Reputation: 327
Background
I have some code that looks like this right now.
failed_player_ids: Set[str] = set()
for player_id in player_ids:
success = player_api.send_results(
player_id, user=user, send_health_results=True
)
if not success:
failed_player_ids.add(player_id)
This code works well but the problem is this is taking 5 seconds per call. There is a rate limit of 2000 calls per minute so i am way under the max capacity. I want to parallelize this to speed things up. This is my first time using multiprocessing
library in python and hence I am a little confused as to how i should proceed. I can describe what i want to do in words.
In my current code i am loop through list of player_id
and if api response is success I do nothing and if it failed i make note of that player id.
I am not sure how to implement paralleled version of this code. I have some idea but i am a little confused.
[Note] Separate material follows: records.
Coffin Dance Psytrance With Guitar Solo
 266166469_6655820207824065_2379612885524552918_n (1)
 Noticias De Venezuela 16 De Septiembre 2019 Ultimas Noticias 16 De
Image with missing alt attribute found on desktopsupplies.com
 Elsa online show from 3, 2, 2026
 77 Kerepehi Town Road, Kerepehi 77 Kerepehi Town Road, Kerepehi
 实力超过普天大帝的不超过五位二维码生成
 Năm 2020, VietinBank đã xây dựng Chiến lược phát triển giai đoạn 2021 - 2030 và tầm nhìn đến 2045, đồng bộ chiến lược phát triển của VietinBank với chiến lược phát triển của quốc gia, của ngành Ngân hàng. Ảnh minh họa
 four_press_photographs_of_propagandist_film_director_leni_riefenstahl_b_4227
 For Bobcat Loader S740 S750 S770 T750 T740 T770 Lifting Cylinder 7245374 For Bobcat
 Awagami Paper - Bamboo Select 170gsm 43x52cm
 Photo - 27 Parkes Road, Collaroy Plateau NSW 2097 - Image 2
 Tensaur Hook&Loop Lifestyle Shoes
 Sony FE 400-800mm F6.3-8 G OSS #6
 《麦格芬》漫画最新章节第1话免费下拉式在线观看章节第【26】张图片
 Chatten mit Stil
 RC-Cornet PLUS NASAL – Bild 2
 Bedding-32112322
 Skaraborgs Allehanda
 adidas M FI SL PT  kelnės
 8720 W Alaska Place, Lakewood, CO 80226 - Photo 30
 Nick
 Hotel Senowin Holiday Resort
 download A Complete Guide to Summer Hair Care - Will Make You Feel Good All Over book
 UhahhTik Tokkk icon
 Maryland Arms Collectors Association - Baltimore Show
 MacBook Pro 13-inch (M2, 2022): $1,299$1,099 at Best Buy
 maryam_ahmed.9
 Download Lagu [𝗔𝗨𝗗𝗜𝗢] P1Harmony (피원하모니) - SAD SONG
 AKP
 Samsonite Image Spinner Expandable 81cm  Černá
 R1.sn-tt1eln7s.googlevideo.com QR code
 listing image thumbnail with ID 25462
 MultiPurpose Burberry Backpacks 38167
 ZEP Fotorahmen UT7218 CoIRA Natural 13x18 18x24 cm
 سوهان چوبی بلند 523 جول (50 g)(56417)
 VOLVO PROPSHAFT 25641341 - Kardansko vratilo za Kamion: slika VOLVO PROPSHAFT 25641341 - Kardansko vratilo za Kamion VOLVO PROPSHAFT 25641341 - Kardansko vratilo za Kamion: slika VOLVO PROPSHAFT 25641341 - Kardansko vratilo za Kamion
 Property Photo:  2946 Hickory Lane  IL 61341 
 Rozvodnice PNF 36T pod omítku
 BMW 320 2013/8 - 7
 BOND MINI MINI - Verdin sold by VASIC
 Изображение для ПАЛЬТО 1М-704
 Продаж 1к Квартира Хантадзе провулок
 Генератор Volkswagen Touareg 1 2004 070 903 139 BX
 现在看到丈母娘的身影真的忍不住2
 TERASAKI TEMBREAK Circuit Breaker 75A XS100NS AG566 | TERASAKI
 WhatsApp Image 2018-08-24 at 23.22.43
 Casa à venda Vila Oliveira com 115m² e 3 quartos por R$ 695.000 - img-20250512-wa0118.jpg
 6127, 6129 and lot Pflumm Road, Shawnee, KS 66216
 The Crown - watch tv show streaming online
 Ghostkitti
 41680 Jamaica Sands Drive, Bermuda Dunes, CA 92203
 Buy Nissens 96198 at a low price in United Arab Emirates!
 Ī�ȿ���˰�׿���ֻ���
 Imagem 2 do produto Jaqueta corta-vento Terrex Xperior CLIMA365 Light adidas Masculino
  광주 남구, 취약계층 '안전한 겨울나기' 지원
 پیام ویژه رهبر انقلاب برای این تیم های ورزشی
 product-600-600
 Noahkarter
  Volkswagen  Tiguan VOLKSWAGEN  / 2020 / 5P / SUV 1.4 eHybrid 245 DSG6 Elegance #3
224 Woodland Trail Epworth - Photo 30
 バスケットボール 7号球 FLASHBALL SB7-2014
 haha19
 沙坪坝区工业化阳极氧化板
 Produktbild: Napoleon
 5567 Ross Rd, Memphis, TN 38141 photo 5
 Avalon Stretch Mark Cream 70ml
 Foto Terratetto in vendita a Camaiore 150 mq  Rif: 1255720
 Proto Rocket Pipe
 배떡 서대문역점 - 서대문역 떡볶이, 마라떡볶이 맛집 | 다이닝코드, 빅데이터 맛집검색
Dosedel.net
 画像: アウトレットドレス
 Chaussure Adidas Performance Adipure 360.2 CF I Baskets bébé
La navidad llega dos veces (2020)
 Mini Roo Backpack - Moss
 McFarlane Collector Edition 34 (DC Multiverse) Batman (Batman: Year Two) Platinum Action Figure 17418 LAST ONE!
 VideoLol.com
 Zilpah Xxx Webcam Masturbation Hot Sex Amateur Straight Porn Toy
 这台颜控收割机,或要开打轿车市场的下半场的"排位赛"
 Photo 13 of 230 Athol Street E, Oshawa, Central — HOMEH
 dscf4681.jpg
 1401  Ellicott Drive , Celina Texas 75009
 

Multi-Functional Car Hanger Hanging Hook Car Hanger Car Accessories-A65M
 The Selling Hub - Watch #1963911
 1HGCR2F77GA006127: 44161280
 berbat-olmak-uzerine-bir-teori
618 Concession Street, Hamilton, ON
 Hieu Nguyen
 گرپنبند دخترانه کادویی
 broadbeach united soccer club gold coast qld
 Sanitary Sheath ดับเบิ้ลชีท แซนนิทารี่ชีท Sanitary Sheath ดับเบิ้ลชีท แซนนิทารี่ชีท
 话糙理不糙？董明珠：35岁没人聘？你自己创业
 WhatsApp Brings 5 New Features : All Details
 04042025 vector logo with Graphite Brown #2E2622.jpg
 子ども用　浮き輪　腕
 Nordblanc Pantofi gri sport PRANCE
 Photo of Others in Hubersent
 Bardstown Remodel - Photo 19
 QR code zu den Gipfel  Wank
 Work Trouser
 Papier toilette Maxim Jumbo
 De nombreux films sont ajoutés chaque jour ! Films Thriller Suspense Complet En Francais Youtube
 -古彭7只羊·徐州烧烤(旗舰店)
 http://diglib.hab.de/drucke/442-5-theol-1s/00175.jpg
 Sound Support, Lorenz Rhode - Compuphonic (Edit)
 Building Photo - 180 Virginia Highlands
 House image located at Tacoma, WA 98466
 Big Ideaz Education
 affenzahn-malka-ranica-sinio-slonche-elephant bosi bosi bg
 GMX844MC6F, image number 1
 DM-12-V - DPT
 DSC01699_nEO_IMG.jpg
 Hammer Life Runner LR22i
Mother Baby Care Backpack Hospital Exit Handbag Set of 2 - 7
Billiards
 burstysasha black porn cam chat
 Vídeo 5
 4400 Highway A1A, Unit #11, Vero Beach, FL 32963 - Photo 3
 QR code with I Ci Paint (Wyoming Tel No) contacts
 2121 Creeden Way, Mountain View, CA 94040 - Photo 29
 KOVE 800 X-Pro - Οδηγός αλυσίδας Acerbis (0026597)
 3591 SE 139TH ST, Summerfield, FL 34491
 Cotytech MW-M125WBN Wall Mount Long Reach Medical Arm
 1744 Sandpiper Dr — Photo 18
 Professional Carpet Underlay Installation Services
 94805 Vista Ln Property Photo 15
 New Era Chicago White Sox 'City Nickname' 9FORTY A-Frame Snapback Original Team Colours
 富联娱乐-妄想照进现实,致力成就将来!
This is what i though of so far
from multiprocessing import Pool
num_processors_to_use = 5 # This is a number can be increased to get more speed
def send_player_result(player_id_list: List[str]) -> Optional[str]:
for player_id in player_id_list:
success = player_api.send_results(player_id, user=user, send_health_results=True)
if not success:
return player_id
# Caller
with Pool(processes=num_processors_to_use) as pool:
responses = pool.map(
func=send_player_result,
iterable=player_id_list,
)
failed_player_ids = Set(responses)
Any comments and suggestions would help.
Upvotes: 2
Views: 425
Reputation: 44013
If you are using function map
, then each item of the iterable player_id_list
will be passed as a separate task to function send_player_result
. Consequently, this function should no longer be expecting to be passed a list of player ids, but rather a single player id. And, as you know by now, if your tasks are largely I/O bound, then multithreading is a better model. You can either:
from multiprocessing.dummy import Pool
# or
from multiprocessing.pool import ThreadPool
You will probably want to greatly increase the number of threads (but not greater than the size of player_id_list
):
#from multiprocessing import Pool
from multiprocessing.dummy import Pool
from typing import Set
def send_player_result(player_id):
success = player_api.send_results(player_id, user=user, send_health_results=True)
return success
# Only required for Windows if you are doing multiprocessing:
if __name__ == '__main__':
pool_size = 5 # This is a number can be increased to get more concurrency
# Caller
failed_player_ids: Set[str] = set()
with Pool(pool_size) as pool:
results = pool.map(func=send_player_result, iterable=player_id_list)
for idx, success in enumerate(results):
if not success:
# failed for argument player_id_list[idx]:
failed_player_ids.add(player_id_list[idx])
Upvotes: 2